In the first of its annual series of HR Trends and Prospects, the Chartered Institute of Personnel and Development (CIPD) has found that low-income workers receive less training, feature less in the recruitment and reward strategies of organisations and are much less likely to return to work when they become parents owing to prohibitive childcare costs.
Unsurprisingly, many UK workers do not believe generally that their organisations or senior executives have their interests at heart, with only one in three workers trusting senior management "a lot" to look after their best interests.
John Philpott, the CIPD’s Chief Economist comments, "It is easy to see why organisations devote so much attention towards recruiting and retaining the best staff given the pressures of an increasingly competitive marketplace. But it does so at the expense of improving performance and productivity at all levels of the organisations.

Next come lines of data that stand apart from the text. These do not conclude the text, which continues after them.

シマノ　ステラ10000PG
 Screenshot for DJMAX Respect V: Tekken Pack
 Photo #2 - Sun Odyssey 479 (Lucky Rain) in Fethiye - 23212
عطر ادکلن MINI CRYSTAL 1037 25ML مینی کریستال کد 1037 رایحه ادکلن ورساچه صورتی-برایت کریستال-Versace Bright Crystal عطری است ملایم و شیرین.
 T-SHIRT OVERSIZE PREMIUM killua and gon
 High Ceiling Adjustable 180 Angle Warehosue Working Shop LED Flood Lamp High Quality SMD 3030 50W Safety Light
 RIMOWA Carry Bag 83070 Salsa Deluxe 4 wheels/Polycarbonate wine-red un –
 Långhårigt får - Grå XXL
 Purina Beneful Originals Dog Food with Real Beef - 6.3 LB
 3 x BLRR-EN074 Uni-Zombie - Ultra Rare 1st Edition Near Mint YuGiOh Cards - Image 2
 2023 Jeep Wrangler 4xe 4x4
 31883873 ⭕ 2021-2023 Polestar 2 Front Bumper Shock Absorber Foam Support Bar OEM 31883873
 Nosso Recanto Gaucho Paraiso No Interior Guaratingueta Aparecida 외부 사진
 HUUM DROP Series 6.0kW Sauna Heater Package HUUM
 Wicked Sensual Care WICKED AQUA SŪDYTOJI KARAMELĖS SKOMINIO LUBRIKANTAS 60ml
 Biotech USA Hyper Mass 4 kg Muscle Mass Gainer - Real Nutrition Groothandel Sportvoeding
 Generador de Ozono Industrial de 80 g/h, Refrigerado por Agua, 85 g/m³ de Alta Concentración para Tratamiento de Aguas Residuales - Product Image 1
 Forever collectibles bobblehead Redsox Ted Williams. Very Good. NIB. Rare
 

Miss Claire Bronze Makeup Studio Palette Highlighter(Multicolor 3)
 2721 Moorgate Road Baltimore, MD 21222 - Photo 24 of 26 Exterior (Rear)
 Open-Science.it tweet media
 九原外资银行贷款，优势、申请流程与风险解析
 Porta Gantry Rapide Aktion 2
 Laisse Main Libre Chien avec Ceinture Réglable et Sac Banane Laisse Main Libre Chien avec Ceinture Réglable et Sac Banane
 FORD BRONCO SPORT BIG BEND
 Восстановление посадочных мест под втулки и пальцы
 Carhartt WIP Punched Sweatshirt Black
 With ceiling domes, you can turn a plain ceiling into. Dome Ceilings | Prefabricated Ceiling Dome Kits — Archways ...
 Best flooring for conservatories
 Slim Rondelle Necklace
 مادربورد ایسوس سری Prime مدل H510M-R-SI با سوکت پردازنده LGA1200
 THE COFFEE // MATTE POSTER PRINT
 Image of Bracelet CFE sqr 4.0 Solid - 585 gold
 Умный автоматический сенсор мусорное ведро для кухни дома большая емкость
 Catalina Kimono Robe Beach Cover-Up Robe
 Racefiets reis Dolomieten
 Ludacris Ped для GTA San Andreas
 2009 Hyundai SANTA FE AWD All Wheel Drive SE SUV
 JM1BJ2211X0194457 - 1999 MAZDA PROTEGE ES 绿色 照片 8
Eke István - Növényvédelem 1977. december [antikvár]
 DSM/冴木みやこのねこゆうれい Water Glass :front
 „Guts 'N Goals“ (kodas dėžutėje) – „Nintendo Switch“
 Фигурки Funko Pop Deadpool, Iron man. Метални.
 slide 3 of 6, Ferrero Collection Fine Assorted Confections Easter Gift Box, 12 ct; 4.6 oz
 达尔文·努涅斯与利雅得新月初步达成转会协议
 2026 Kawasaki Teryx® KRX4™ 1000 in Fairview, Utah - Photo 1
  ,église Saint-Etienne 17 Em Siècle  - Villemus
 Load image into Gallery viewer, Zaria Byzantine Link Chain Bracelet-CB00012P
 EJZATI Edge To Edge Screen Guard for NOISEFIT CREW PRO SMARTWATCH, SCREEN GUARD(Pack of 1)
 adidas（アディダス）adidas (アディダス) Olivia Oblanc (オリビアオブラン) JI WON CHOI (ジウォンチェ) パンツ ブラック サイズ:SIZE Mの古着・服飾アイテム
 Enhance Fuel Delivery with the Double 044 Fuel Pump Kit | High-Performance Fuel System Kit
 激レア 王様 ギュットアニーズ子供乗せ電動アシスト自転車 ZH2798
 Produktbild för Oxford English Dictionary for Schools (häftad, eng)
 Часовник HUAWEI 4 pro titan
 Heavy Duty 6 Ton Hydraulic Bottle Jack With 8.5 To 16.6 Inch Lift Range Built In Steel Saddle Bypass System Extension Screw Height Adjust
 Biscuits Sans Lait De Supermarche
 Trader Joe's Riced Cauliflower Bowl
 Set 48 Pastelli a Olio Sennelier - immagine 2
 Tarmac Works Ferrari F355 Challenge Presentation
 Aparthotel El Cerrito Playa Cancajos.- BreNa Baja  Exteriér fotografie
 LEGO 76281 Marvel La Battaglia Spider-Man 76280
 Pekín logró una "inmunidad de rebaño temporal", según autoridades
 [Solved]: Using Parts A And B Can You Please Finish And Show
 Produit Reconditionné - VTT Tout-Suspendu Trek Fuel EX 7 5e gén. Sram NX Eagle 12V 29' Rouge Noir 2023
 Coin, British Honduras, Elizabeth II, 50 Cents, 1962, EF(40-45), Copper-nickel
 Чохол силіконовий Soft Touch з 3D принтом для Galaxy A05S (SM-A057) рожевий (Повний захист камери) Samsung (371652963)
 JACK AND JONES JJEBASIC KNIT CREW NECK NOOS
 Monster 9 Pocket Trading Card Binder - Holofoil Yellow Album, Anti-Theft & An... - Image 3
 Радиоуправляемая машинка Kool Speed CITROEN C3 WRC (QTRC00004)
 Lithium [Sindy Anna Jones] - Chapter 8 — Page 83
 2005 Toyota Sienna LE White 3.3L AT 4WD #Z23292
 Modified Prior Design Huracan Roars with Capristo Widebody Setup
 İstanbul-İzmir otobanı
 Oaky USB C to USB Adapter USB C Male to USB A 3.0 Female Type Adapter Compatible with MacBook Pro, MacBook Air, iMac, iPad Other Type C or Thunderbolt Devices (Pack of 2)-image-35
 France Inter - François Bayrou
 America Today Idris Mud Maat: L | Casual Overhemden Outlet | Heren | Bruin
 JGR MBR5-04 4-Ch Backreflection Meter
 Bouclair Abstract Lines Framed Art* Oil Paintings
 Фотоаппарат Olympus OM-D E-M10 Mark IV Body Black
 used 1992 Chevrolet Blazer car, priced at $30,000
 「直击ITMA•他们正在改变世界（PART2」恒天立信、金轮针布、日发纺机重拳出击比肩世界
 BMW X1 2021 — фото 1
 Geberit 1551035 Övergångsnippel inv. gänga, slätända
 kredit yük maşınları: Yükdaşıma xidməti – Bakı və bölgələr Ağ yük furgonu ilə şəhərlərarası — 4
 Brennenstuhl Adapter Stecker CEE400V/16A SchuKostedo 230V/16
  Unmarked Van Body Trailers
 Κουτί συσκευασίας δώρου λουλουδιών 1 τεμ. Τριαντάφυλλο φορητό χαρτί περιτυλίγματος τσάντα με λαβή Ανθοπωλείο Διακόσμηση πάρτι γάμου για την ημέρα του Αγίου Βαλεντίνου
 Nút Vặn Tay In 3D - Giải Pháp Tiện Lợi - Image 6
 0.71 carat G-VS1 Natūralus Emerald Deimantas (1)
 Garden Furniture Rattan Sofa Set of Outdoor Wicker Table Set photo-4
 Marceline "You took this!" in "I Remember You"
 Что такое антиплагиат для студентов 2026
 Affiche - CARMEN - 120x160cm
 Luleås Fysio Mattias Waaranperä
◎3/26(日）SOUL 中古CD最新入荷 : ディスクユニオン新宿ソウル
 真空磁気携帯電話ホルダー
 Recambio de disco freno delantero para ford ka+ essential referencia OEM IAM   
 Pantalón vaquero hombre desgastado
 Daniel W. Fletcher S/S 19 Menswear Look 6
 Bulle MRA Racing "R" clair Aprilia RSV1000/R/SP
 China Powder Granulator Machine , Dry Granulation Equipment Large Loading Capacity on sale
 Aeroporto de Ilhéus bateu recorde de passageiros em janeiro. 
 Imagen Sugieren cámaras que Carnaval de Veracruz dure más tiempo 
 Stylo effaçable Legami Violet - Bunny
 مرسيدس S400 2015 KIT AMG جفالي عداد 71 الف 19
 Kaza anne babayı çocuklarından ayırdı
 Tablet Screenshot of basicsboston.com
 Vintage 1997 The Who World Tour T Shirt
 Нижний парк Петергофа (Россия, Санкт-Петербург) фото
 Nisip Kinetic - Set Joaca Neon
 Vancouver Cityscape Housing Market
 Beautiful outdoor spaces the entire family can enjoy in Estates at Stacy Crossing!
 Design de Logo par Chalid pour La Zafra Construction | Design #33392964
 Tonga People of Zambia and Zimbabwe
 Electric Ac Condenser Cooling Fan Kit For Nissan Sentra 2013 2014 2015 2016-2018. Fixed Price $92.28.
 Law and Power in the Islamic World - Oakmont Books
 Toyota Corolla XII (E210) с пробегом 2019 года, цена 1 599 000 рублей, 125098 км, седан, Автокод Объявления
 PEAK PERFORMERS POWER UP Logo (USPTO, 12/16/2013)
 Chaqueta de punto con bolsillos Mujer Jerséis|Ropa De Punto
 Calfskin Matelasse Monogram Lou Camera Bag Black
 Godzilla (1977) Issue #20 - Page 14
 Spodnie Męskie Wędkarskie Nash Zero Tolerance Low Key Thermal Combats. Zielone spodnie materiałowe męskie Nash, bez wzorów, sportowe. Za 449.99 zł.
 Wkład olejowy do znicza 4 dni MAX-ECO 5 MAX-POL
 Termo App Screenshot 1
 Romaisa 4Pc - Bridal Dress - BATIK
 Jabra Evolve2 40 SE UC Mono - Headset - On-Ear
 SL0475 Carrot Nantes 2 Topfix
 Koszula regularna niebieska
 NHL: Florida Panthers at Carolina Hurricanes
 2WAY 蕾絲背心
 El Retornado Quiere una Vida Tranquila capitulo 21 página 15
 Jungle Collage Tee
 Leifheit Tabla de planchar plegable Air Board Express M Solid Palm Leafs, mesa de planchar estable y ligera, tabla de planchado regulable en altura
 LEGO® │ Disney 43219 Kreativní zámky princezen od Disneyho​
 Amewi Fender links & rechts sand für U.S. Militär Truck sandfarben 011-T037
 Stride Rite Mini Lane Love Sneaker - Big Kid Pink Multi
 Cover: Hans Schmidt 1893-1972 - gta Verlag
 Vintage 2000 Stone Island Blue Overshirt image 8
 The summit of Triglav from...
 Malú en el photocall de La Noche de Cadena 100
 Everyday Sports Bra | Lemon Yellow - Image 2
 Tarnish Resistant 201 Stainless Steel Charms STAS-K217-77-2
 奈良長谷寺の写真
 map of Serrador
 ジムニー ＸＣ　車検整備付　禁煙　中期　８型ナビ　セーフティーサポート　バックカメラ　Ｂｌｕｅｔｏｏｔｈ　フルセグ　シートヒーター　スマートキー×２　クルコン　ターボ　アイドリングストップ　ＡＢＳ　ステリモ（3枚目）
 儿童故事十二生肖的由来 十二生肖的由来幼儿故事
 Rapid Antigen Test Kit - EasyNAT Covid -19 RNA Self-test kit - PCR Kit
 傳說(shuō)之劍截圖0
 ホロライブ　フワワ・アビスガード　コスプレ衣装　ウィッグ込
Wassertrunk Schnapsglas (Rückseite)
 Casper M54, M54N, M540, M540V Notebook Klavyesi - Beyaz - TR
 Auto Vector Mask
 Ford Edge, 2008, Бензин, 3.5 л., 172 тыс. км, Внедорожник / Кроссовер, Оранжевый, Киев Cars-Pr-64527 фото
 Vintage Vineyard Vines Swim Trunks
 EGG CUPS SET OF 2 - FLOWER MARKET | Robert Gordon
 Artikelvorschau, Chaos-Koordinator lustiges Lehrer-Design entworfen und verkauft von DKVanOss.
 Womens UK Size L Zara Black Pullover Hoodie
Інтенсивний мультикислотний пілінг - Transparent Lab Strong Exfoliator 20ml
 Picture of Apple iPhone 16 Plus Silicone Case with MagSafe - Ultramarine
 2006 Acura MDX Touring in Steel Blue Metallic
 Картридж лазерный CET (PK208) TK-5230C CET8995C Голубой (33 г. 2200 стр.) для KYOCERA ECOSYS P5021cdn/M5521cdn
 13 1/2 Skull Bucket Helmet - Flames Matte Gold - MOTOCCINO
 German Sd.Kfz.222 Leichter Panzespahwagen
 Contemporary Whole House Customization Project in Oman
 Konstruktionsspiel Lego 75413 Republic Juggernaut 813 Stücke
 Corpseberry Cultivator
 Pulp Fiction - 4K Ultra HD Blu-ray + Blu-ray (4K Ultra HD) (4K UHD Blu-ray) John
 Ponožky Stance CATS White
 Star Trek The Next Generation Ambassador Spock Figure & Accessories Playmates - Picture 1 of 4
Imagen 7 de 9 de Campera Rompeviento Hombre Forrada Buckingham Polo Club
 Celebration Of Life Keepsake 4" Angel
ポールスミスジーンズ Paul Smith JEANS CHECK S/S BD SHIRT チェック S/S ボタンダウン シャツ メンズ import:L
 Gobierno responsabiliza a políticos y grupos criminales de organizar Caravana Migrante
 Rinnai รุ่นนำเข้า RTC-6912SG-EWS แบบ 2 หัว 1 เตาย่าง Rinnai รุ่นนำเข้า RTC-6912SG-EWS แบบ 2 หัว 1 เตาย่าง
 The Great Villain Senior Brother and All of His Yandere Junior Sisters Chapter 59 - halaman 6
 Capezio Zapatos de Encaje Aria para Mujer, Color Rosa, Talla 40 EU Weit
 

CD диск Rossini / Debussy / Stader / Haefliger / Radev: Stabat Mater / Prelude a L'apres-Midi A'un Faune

This need not be the case since the two are mutually inclusive. For example, with more than three quarters of organisations encountering difficulty in finding suitable recruits for at least some of the vacancies in 2002, perhaps more could be done to up-skill existing staff."
But while most organisations feel that their reward schemes are either quite or very effective at recruiting and retaining, only half feel they improve productivity.
Philpott continues, "This picture may explain why the Government is struggling to meet its objective to improve productivity. Clearly it is doing its part with initiatives ranging from employer training pilots for the lower-skilled to childcare tax incentives. Organisations must respond to this too, although it is encouraging that our most recent survey, the annual reward survey 2003, shows that as many as one fifth of organisations plan to include childcare vouchers as part of their new reward structures for 2003."
HR Trends and Prospects 2003 also shows that organisations are undertaking more innovation and initiatives in its attempt to recruit and retain the best staff. This remains HR’s biggest challenge against a growing perception among HR managers that employees are becoming less loyal to their employers and more focused on their careers.
The main objective of organisational recruitment strategy is to retain ‘skilled, experienced or highly productive individuals.’ Training and development is the most popular measure used by organisations to retain its best staff (66 per cent) and is followed by promoting a good image (47 per cent) and increased pay (44 per cent).